As a kid, I didn't realize that this was a crossover with something else. I just thought the rabbit samurai was a one-off TMNT character.

This inspired me to poke around some more online. Turns out he also appears in the 2003 TMNT series. And in the 2016 CGI series. I was starting to wonder why Bodyguard Bunny never got his own show if he was such popular crossover material, and it turns out that he did...but only three months ago. Yes, "Samurai Rabbit: the Usagi Chronicles" premiered on Netflix in April 2022, and was just renewed for a second season. I don't think that had come out yet when I received this commission though, so it's a heck of a coincidence! EDIT: I gave it a look, and it's shit. Don’t watch it.

Anyway, according to that author's note, this comic was inspired by both mainstream American comic books, and the Japanese samurai flicks that he often saw growing up in his heavily Japanese hometown in Hawaii. He doesn't mention having taken any inspiration from manga, which sort of surprises me, but I guess that might have just not been as available to a kid growing up in 1960's Hawaii. He started out with the intent of drawing a historical fantasy comic inspired by the career of real life 1600's samurai Miyamoto Musashi.
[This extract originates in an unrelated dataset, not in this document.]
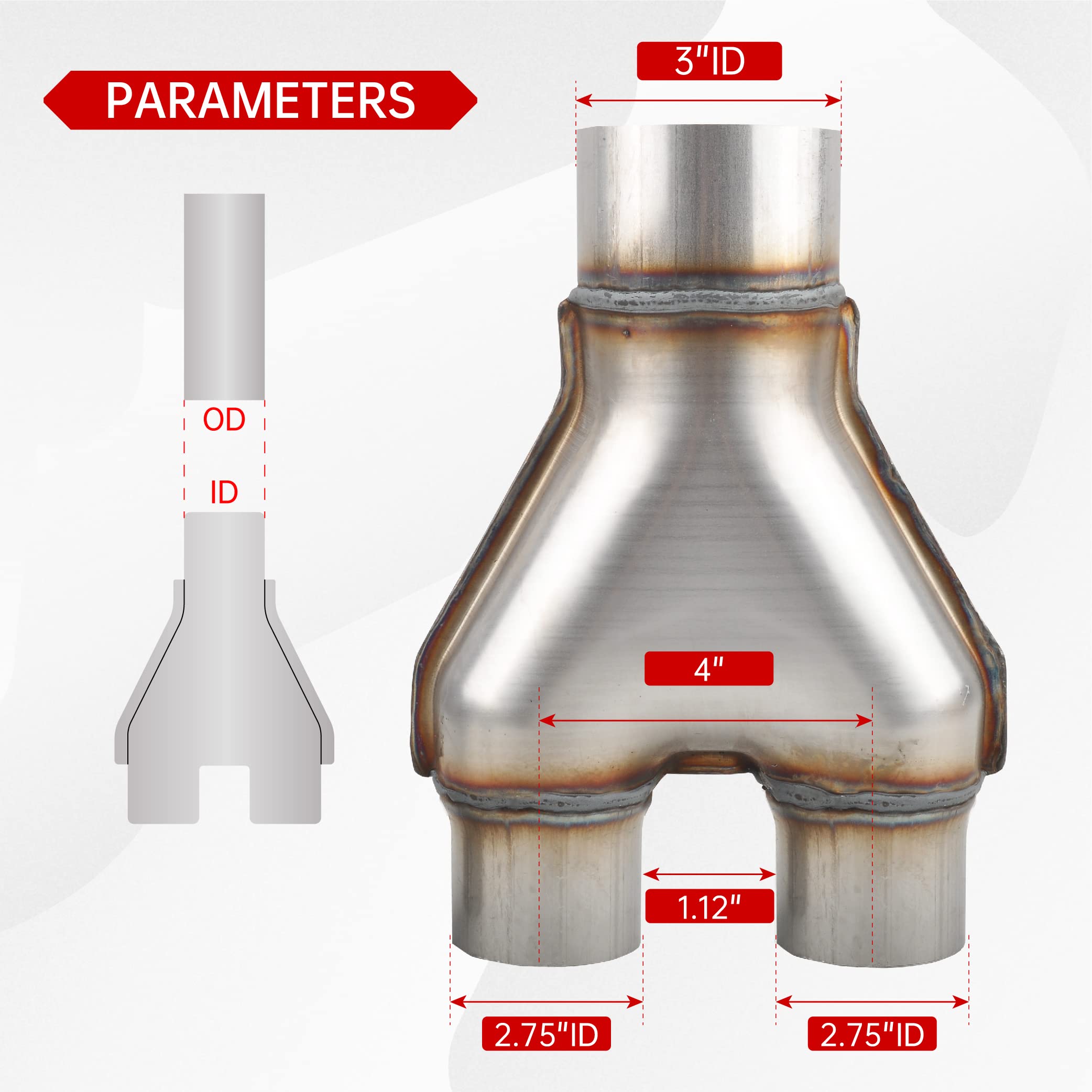 Fgjqefg T409 Stainless Steel Y Pipe 3'' Inch Id Single To 2.75'' Inch Id Dual Stamped Exhaust Adapter Connector, Overall Length: Approx. 10, Universal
While doodling some character designs though, he whimsically drew an anthropomorphic rabbit with its ears tied up in a traditional Japanese hair bun, and ended up liking it so much that "Miyamoto Usagi" became his protagonist.

I'm not sure if the other characters in the comic are all anthropomorphic animals as well, or if it's a mix of furries and normal humans. I suspect the former, but it's time to find out for myself. Let's start the first ever issue of Usagi Yojimbo!

1. Usagi Yojimbo


The comic begins with Miyamoto Usagi trudging through the snow to a lone cottage, whose occupant - a creepy looking elderly cat lady - he politely requests shelter from. She lets him in and starts preparing food for him, but something about her demeanour seems off.

Right off the bat, I'm loving how this is drawn.

You don't often see that level of detail with that style of comic book anthro character. The subtleties of body language are also captured really, really well. Given how long this comic has been running for, I can only assume that the artist improves over the decades from here, and with this strong of a start that's an exciting prospect.

Incidentally, I looked up "battle of Adachigahara" to see if it was a real historical event, and in so doing I might have ruined this first story for myself. The adachigahara is a mythical creature, an ogress who lives alone in the woods and eats children. Heh, well. The old lady was giving me some weird vibes, but now the payoff's been spoiled. This was definitely written for non-Japanese speaking kids in an era before the internet, heh.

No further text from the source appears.